'''

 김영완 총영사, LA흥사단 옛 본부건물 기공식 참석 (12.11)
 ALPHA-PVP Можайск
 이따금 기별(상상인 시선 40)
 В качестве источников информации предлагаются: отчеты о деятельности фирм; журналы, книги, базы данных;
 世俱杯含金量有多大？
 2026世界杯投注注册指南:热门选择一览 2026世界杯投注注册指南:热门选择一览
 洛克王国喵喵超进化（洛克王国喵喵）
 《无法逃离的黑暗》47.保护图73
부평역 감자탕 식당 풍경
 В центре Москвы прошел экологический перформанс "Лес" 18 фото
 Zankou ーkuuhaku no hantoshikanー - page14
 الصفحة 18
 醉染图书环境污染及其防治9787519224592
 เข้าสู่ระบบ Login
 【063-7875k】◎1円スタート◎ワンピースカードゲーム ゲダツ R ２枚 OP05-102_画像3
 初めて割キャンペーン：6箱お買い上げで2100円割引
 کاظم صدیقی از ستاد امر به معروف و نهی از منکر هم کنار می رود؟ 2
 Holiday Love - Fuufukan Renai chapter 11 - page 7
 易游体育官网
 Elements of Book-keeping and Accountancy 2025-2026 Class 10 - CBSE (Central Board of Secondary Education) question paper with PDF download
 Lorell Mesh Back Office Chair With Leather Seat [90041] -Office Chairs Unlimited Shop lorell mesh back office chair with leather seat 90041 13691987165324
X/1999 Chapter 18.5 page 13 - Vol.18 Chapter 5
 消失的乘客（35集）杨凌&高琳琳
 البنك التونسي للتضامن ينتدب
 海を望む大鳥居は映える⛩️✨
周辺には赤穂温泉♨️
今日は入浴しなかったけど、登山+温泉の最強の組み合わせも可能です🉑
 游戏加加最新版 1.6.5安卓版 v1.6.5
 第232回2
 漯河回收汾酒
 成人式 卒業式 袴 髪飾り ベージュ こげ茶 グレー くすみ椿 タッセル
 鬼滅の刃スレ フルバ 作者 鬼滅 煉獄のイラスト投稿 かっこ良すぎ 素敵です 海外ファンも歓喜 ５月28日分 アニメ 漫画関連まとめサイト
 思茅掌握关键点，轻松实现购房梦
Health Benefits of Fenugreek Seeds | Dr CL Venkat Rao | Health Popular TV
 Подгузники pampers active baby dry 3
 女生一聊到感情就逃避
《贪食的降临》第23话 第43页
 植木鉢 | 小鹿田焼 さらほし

'''

#### [What is required]
All of the data above should be reproduced exactly, with nothing left out.

#### [Exercise answer]
 김영완 총영사, LA흥사단 옛 본부건물 기공식 참석 (12.11)
 ALPHA-PVP Можайск
 이따금 기별(상상인 시선 40)
 В качестве источников информации предлагаются: отчеты о деятельности фирм; журналы, книги, базы данных;
 世俱杯含金量有多大？
 2026世界杯投注注册指南:热门选择一览 2026世界杯投注注册指南:热门选择一览
 洛克王国喵喵超进化（洛克王国喵喵）
 《无法逃离的黑暗》47.保护图73
부평역 감자탕 식당 풍경
 В центре Москвы прошел экологический перформанс "Лес" 18 фото
 Zankou ーkuuhaku no hantoshikanー - page14
 الصفحة 18
 醉染图书环境污染及其防治9787519224592
 เข้าสู่ระบบ Login
 【063-7875k】◎1円スタート◎ワンピースカードゲーム ゲダツ R ２枚 OP05-102_画像3
 初めて割キャンペーン：6箱お買い上げで2100円割引
 کاظم صدیقی از ستاد امر به معروف و نهی از منکر هم کنار می رود؟ 2
 Holiday Love - Fuufukan Renai chapter 11 - page 7
 易游体育官网
 Elements of Book-keeping and Accountancy 2025-2026 Class 10 - CBSE (Central Board of Secondary Education) question paper with PDF download
 Lorell Mesh Back Office Chair With Leather Seat [90041] -Office Chairs Unlimited Shop lorell mesh back office chair with leather seat 90041 13691987165324
X/1999 Chapter 18.5 page 13 - Vol.18 Chapter 5
 消失的乘客（35集）杨凌&高琳琳
 البنك التونسي للتضامن ينتدب
 海を望む大鳥居は映える⛩️✨
周辺には赤穂温泉♨️
今日は入浴しなかったけど、登山+温泉の最強の組み合わせも可能です🉑
 游戏加加最新版 1.6.5安卓版 v1.6.5
 第232回2
 漯河回收汾酒
 成人式 卒業式 袴 髪飾り ベージュ こげ茶 グレー くすみ椿 タッセル
 鬼滅の刃スレ フルバ 作者 鬼滅 煉獄のイラスト投稿 かっこ良すぎ 素敵です 海外ファンも歓喜 ５月28日分 アニメ 漫画関連まとめサイト
 思茅掌握关键点，轻松实现购房梦
Health Benefits of Fenugreek Seeds | Dr CL Venkat Rao | Health Popular TV
 Подгузники pampers active baby dry 3
 女生一聊到感情就逃避
《贪食的降临》第23话 第43页
 植木鉢 | 小鹿田焼 さらほし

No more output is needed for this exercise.